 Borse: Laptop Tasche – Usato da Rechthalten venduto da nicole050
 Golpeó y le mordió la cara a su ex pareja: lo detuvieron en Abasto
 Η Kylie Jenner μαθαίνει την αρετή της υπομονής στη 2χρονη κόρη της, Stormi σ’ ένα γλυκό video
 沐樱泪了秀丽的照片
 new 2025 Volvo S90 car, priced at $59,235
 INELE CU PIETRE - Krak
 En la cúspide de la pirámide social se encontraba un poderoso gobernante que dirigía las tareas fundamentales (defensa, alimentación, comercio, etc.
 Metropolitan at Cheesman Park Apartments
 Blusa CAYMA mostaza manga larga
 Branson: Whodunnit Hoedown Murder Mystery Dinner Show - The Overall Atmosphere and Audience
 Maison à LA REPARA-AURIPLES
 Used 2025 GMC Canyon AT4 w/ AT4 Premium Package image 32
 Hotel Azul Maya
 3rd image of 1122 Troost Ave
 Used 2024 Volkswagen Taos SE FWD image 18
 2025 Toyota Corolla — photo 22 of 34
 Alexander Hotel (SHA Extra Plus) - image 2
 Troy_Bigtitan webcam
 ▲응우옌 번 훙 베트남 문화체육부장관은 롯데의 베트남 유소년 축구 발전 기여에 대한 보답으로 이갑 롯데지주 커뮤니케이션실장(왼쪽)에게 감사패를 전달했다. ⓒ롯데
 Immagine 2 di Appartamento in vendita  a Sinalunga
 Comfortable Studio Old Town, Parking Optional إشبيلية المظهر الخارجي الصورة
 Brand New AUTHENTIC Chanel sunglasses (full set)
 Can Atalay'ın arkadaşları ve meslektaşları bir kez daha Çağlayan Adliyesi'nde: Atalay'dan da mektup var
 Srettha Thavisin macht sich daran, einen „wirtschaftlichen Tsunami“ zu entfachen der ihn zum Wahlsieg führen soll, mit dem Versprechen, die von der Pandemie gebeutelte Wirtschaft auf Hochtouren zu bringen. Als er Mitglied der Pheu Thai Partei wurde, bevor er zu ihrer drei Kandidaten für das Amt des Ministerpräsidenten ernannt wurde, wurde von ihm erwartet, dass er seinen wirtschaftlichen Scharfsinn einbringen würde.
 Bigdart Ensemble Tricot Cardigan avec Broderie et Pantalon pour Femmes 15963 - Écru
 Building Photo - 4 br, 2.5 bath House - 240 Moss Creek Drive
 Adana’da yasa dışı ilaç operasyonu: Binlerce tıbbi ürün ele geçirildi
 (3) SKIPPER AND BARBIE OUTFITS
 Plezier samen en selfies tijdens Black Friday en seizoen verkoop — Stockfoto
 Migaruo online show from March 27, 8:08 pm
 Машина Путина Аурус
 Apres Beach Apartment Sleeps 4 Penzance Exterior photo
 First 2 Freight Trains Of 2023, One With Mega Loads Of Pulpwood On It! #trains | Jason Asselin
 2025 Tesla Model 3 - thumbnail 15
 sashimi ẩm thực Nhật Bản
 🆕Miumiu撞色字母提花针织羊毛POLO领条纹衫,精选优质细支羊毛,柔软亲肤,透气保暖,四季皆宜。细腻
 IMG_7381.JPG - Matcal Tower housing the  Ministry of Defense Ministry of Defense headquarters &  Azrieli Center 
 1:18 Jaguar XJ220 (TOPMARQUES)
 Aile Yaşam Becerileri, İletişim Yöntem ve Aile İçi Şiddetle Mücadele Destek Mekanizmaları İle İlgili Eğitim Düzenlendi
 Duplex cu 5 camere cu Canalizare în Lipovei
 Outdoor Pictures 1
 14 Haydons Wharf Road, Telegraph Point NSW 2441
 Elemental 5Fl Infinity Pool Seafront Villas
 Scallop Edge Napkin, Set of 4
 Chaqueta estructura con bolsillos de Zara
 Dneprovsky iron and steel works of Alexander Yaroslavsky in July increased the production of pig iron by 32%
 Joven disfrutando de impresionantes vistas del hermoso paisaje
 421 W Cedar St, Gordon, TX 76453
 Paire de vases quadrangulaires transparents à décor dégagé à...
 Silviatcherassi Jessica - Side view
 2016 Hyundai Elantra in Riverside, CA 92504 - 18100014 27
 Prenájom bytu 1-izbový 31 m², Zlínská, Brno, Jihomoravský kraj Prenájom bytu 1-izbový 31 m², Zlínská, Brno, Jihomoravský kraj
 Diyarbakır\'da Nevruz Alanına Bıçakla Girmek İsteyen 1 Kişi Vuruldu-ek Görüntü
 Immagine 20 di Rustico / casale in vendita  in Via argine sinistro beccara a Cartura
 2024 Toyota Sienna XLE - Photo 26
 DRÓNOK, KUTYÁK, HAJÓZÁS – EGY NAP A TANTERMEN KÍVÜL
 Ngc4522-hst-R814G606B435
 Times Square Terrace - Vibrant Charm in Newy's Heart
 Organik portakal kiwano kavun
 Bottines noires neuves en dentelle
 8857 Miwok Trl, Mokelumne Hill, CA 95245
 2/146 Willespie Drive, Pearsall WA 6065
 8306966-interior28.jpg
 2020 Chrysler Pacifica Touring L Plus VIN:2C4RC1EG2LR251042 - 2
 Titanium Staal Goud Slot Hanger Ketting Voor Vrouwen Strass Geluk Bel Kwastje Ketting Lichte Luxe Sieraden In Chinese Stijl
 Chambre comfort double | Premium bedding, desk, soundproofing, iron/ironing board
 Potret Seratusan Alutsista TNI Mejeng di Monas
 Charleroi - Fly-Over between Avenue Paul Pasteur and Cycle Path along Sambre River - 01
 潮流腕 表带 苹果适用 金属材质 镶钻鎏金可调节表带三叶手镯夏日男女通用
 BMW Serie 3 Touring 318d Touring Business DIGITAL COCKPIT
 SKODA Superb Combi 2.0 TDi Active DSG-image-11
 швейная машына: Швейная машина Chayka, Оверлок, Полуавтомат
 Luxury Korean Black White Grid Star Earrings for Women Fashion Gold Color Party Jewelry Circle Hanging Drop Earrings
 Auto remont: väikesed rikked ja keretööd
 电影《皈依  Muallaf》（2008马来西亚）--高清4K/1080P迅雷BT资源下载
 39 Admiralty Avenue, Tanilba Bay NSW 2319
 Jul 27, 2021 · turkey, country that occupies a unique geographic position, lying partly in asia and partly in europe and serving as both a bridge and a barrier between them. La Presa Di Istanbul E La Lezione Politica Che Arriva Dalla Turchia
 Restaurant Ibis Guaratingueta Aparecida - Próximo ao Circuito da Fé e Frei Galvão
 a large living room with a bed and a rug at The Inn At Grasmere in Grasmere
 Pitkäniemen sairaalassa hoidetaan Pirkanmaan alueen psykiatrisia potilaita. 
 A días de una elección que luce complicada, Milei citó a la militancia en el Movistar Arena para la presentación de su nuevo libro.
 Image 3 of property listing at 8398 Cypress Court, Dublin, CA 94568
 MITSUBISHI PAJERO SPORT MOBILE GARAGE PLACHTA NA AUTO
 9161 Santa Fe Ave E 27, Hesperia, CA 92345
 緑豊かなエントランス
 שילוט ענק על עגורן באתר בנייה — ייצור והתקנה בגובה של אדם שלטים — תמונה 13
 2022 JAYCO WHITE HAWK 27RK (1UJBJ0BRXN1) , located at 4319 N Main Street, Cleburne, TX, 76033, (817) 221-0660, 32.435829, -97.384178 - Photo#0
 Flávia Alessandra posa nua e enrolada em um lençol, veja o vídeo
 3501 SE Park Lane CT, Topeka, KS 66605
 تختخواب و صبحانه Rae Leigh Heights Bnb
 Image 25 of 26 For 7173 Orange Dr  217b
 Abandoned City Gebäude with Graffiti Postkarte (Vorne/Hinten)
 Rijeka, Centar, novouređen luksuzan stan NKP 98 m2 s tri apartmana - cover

◆ WHAT THE EXERCISE ASKS ◆
Please reproduce the lines from the line with "Dneprovsky iron and" to the line with "2024 Toyota Sienna XLE - Photo 26", both ends included, exactly as they appear above.

◆ SOLUTION FOR THIS EXERCISE ◆
 Dneprovsky iron and steel works of Alexander Yaroslavsky in July increased the production of pig iron by 32%
 Joven disfrutando de impresionantes vistas del hermoso paisaje
 421 W Cedar St, Gordon, TX 76453
 Paire de vases quadrangulaires transparents à décor dégagé à...
 Silviatcherassi Jessica - Side view
 2016 Hyundai Elantra in Riverside, CA 92504 - 18100014 27
 Prenájom bytu 1-izbový 31 m², Zlínská, Brno, Jihomoravský kraj Prenájom bytu 1-izbový 31 m², Zlínská, Brno, Jihomoravský kraj
 Diyarbakır\'da Nevruz Alanına Bıçakla Girmek İsteyen 1 Kişi Vuruldu-ek Görüntü
 Immagine 20 di Rustico / casale in vendita  in Via argine sinistro beccara a Cartura
 2024 Toyota Sienna XLE - Photo 26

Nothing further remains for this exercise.